A second method, Recurrent Neural Networks, has gained recent attention for procedurally generating natural language and other styled media. RNN based character level approach was shown to produce realistic results when trained on sets of similar text samples from Wikipedia, and the New York Times (Sutskever et al 2011). Similar to the work of Markov Models, RNNs have also been applied to the novel task of producing Additional refinements to the model have also been explored, including an approach we used here, the use of Long Short-term Memory RNN for sequence generation. LSTM RNNs have been effective in Procedural Content Generation, as shown by one paper which demonstrated their ability to generate new samples of handwriting when trained on a set of human written samples (Graves 2014).


There are many challenges involved in creating and running new implementations of these methods of generating text. Two of the most notable being finding a balance between over and underfitting, and managing long running times. It was often difficult to tell when a sample had overfit to the input.
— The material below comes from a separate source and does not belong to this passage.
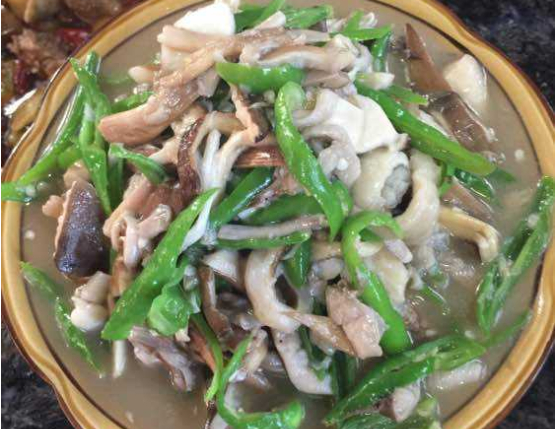 ▲清炒鸡枞 图据仁寿融媒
Since our goal was to create coherent phrases and sentences it often seemed like a good thing when we were able to achieve an output with a full line or two of sensible dialogue, but we found it was often the result of overfitting and the lines had been pulled verbatim from the sample input. Finding the balance between the methods that would overfit and pull entire conversations from the training samples, and underperforming models that introduced too much diversity and produced gibberish outputs was a constant challenge.
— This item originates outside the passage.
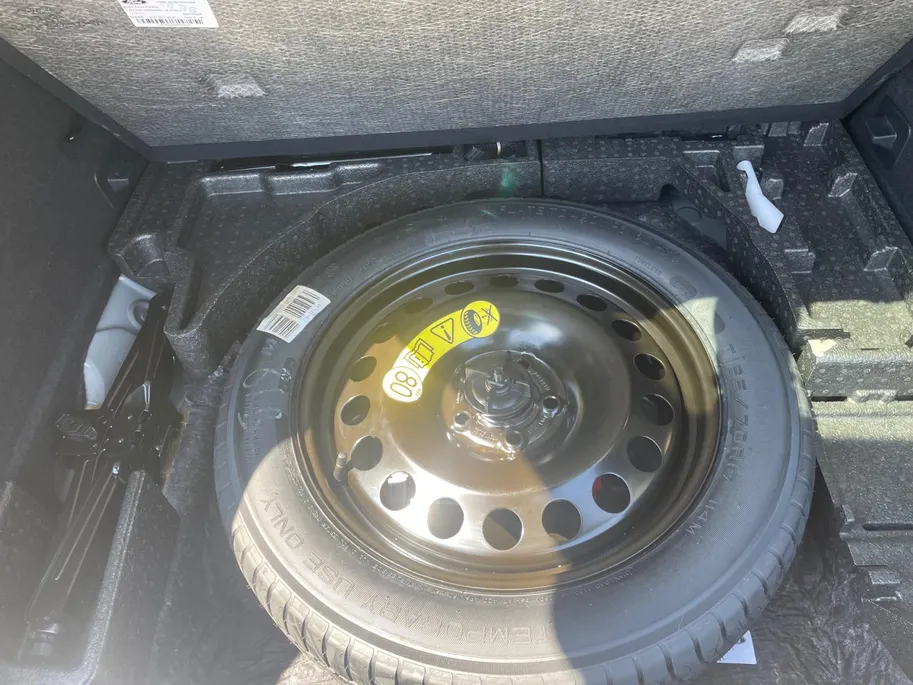 Ford Kuga 2.5 PHEV Vignale | TREKHAAK! | Blind Spot Warning | Camera voor en achter | Trekhaak (wegklapbaar)| winterpack | 12 maanden Bovag garantie|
Additionally, long training time on our RNN models proved to be a challenge that we had to strategize around. Ideally we would have been able to test multiple full runs on our entire data set, but this was not feasible in the time frame, or with the resources at hand. For this reason we often tested the effects of parameter adjustments on smaller subsets of our data for runs that would take hours instead of days. This challenge was particularly well highlighted by Sutskever et. al who trained their RNN for five days on 8 high-end Graphics Processing Units to achieve their strong results. Picking and choosing which runs and test to perform in order learn the most about our model and the effects of its parameters was another unique challenge to this problem.
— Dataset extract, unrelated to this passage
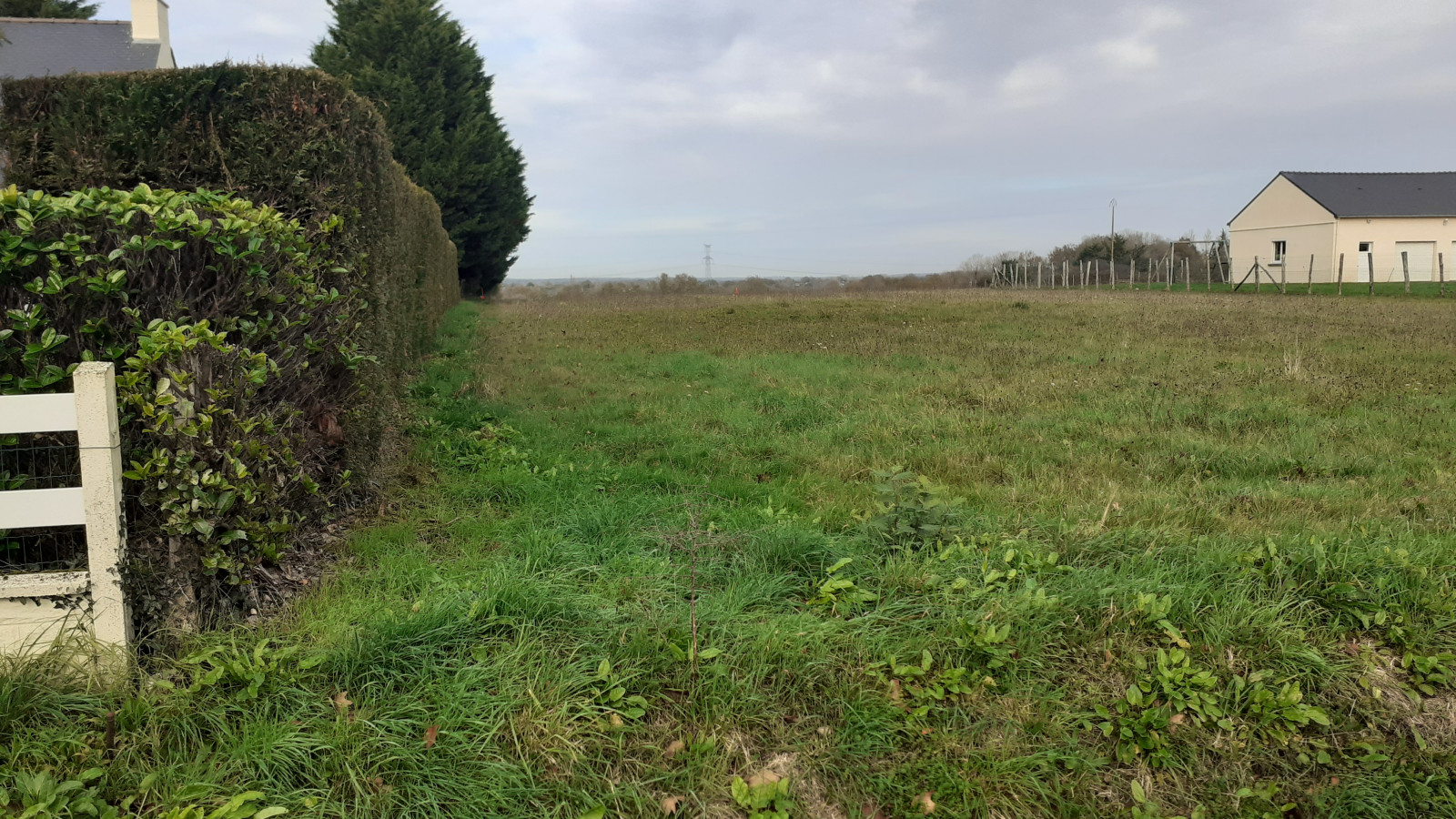 Terrain constructible de 660m2 à La Chapelle-des-Marais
As evidenced by our preliminary research into various text generation models, the Recurrent Neural Network (RNN) and Markov Chain (MC) arose as two models suitable for comparison in this project. And while we will go into the specifics of each, we will first talk about the Dataset that remained constant throughout the project. Using Todd Schneider’s Rails app, from his github repo film-springfield, we were able to successfully crawl which hosts every Simpsons episode ever aired, along with the script for that episode. The reason for the rails app is access to the Nokogiri Library. Nokogiri is an HTML, XML, SAX, and Reader parser. I has features like the ability to search documents via XPath or CSS3 selectors, which are well suited for this specific task of parsing through the complicated formatting of the website. The rails app performed all of the heavy lifting by grabbing the relevant script data (i.e.: scene location, time of day, speaker) from simpsons world, wikipedia, and imdb and utilizing a PostgreSQL database to store the information in a well organized and labeled relational database. What we were left with in our CSV file we exported from postgres were rows that corresponded to individual lines from the script. The columns of the data we utilized varies slightly between methods (MC vs RNN) but the major ones were unsurprisingly character (who's speaking the line if it is a spoken line) and text (what was spoken and any sentiment directions for the voice actors in parenthesis). We also had access to the scene ID within each episode so that we can determine when a conversation exchange ended. From here we were able to script some text parsing in Python to generate plain text files of various lengths for training that we could feed into the RNN and MC, since all the RNN needed was raw script data.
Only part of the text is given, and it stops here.